ENTRIES SHOWN START

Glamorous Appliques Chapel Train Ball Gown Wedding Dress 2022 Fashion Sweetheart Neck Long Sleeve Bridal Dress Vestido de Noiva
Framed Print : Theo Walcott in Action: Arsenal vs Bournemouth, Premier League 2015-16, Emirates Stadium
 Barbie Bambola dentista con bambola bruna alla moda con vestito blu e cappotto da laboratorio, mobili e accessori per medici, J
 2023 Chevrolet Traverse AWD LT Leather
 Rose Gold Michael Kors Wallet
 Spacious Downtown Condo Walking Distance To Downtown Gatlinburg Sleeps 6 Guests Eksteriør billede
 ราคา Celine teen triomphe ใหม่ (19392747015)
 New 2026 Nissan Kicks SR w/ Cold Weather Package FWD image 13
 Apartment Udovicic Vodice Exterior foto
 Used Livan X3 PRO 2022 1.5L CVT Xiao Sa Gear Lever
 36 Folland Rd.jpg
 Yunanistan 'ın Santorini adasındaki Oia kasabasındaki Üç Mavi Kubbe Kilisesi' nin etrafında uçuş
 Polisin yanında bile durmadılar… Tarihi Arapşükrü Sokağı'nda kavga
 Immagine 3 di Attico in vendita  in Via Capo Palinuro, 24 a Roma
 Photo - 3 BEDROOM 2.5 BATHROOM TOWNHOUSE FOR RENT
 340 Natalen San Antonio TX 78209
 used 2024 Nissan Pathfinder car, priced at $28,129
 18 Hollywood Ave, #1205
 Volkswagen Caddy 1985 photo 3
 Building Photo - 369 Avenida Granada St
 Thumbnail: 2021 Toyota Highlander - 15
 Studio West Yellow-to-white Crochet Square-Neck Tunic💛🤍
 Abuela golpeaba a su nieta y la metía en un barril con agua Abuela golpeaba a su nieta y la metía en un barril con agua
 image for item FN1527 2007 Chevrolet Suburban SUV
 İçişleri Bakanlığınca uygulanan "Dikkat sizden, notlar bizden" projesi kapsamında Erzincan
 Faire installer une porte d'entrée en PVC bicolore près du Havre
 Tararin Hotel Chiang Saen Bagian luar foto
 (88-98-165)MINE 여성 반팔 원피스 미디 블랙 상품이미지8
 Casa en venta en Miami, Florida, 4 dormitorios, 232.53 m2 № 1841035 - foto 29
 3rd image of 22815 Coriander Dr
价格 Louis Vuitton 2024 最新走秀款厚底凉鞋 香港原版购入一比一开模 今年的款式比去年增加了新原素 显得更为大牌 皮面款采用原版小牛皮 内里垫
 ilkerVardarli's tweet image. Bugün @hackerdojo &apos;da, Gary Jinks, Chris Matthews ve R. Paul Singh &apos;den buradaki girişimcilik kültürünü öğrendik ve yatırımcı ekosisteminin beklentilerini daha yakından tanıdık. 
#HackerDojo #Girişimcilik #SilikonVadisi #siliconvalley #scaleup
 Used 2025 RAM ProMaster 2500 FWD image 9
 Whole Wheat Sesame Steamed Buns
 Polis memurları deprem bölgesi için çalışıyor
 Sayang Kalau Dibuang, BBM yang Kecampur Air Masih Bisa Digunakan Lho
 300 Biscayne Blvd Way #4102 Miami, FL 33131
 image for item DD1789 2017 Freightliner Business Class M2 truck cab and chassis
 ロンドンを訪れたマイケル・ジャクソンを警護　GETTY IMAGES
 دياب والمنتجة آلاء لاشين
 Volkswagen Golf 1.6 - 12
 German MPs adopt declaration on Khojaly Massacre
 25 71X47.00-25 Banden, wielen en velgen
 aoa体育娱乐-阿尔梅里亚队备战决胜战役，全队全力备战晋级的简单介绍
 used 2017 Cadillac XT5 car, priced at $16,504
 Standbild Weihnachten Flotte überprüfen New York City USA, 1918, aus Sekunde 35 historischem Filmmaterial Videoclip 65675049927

ENTRIES SHOWN END

• [ACTION ITEM] From the first line to the last, output the records word for word.

• [RESULT OF THE EXERCISE]
Glamorous Appliques Chapel Train Ball Gown Wedding Dress 2022 Fashion Sweetheart Neck Long Sleeve Bridal Dress Vestido de Noiva
Framed Print : Theo Walcott in Action: Arsenal vs Bournemouth, Premier League 2015-16, Emirates Stadium
 Barbie Bambola dentista con bambola bruna alla moda con vestito blu e cappotto da laboratorio, mobili e accessori per medici, J
 2023 Chevrolet Traverse AWD LT Leather
 Rose Gold Michael Kors Wallet
 Spacious Downtown Condo Walking Distance To Downtown Gatlinburg Sleeps 6 Guests Eksteriør billede
 ราคา Celine teen triomphe ใหม่ (19392747015)
 New 2026 Nissan Kicks SR w/ Cold Weather Package FWD image 13
 Apartment Udovicic Vodice Exterior foto
 Used Livan X3 PRO 2022 1.5L CVT Xiao Sa Gear Lever
 36 Folland Rd.jpg
 Yunanistan 'ın Santorini adasındaki Oia kasabasındaki Üç Mavi Kubbe Kilisesi' nin etrafında uçuş
 Polisin yanında bile durmadılar… Tarihi Arapşükrü Sokağı'nda kavga
 Immagine 3 di Attico in vendita  in Via Capo Palinuro, 24 a Roma
 Photo - 3 BEDROOM 2.5 BATHROOM TOWNHOUSE FOR RENT
 340 Natalen San Antonio TX 78209
 used 2024 Nissan Pathfinder car, priced at $28,129
 18 Hollywood Ave, #1205
 Volkswagen Caddy 1985 photo 3
 Building Photo - 369 Avenida Granada St
 Thumbnail: 2021 Toyota Highlander - 15
 Studio West Yellow-to-white Crochet Square-Neck Tunic💛🤍
 Abuela golpeaba a su nieta y la metía en un barril con agua Abuela golpeaba a su nieta y la metía en un barril con agua
 image for item FN1527 2007 Chevrolet Suburban SUV
 İçişleri Bakanlığınca uygulanan "Dikkat sizden, notlar bizden" projesi kapsamında Erzincan
 Faire installer une porte d'entrée en PVC bicolore près du Havre
 Tararin Hotel Chiang Saen Bagian luar foto
 (88-98-165)MINE 여성 반팔 원피스 미디 블랙 상품이미지8
 Casa en venta en Miami, Florida, 4 dormitorios, 232.53 m2 № 1841035 - foto 29
 3rd image of 22815 Coriander Dr
价格 Louis Vuitton 2024 最新走秀款厚底凉鞋 香港原版购入一比一开模 今年的款式比去年增加了新原素 显得更为大牌 皮面款采用原版小牛皮 内里垫
 ilkerVardarli's tweet image. Bugün @hackerdojo &apos;da, Gary Jinks, Chris Matthews ve R. Paul Singh &apos;den buradaki girişimcilik kültürünü öğrendik ve yatırımcı ekosisteminin beklentilerini daha yakından tanıdık. 
#HackerDojo #Girişimcilik #SilikonVadisi #siliconvalley #scaleup
 Used 2025 RAM ProMaster 2500 FWD image 9
 Whole Wheat Sesame Steamed Buns
 Polis memurları deprem bölgesi için çalışıyor
 Sayang Kalau Dibuang, BBM yang Kecampur Air Masih Bisa Digunakan Lho
 300 Biscayne Blvd Way #4102 Miami, FL 33131
 image for item DD1789 2017 Freightliner Business Class M2 truck cab and chassis
 ロンドンを訪れたマイケル・ジャクソンを警護　GETTY IMAGES
 دياب والمنتجة آلاء لاشين
 Volkswagen Golf 1.6 - 12
 German MPs adopt declaration on Khojaly Massacre
 25 71X47.00-25 Banden, wielen en velgen
 aoa体育娱乐-阿尔梅里亚队备战决胜战役，全队全力备战晋级的简单介绍
 used 2017 Cadillac XT5 car, priced at $16,504
 Standbild Weihnachten Flotte überprüfen New York City USA, 1918, aus Sekunde 35 historischem Filmmaterial Videoclip 65675049927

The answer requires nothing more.